• _Your assignment_:
Reproduce each line below precisely. Drop the pictures.

• _Raw data_:

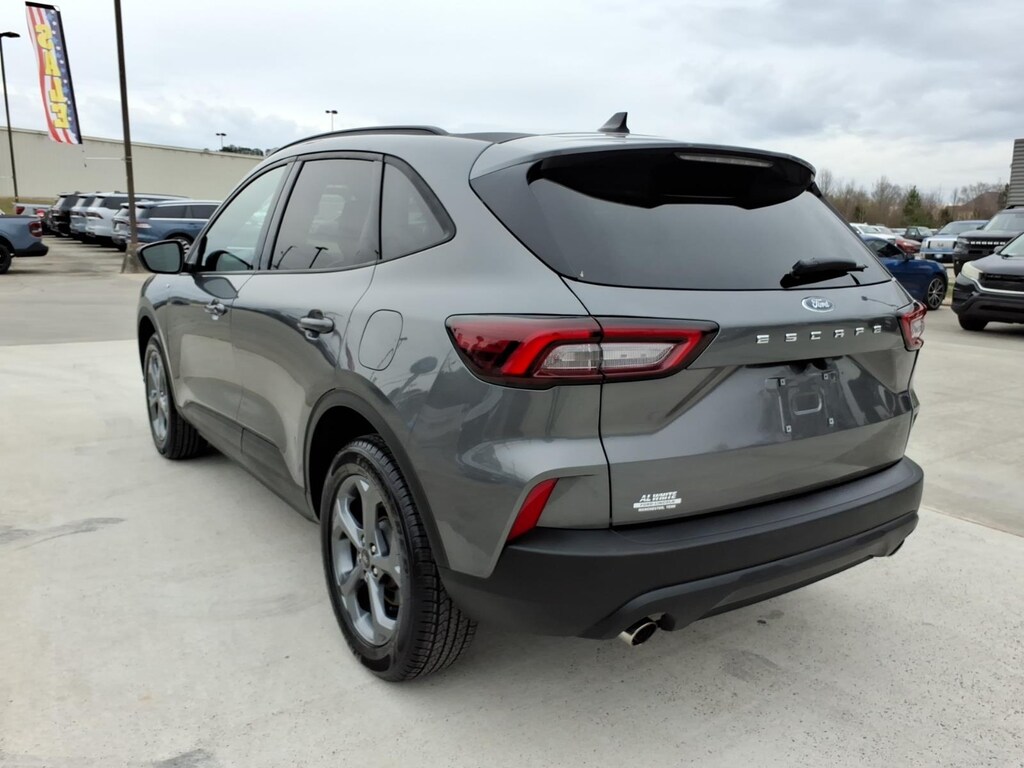 Used 2025 Ford Escape ST-Line SUV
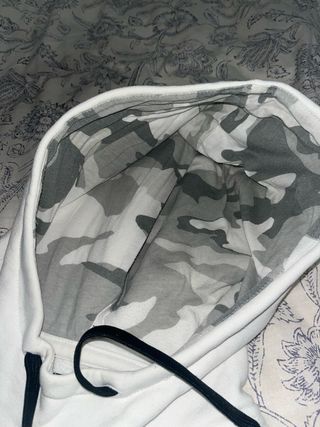 Sudadera Hollister (M)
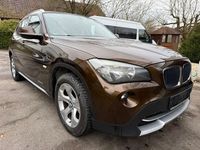 Gebraucht BMW X1 177 PS (130 kW) 2011 Braun SUV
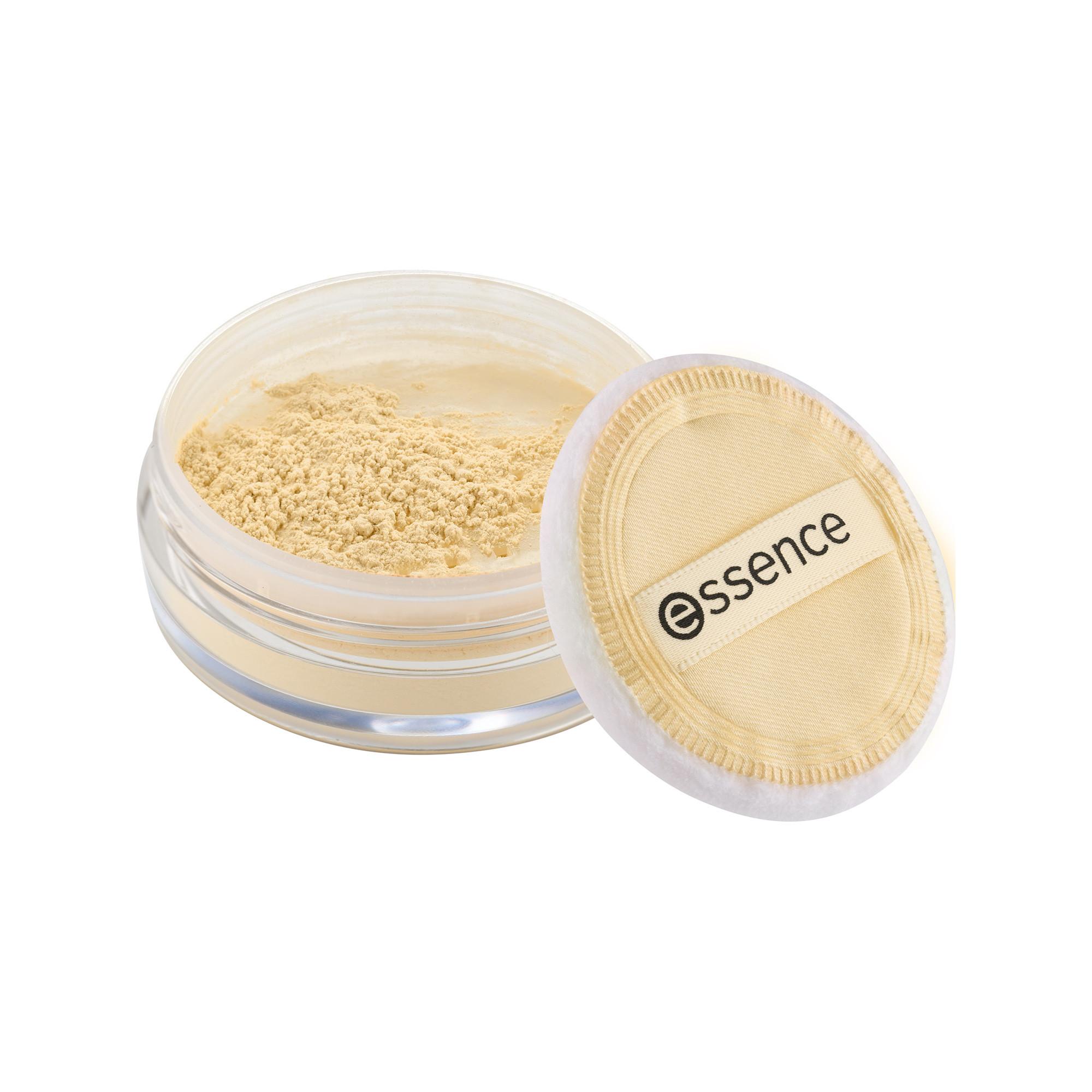 essence  Banana Loose Powder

• _Response area_:
 Used 2025 Ford Escape ST-Line SUV
 Sudadera Hollister (M)
 Gebraucht BMW X1 177 PS (130 kW) 2011 Braun SUV
 essence  Banana Loose Powder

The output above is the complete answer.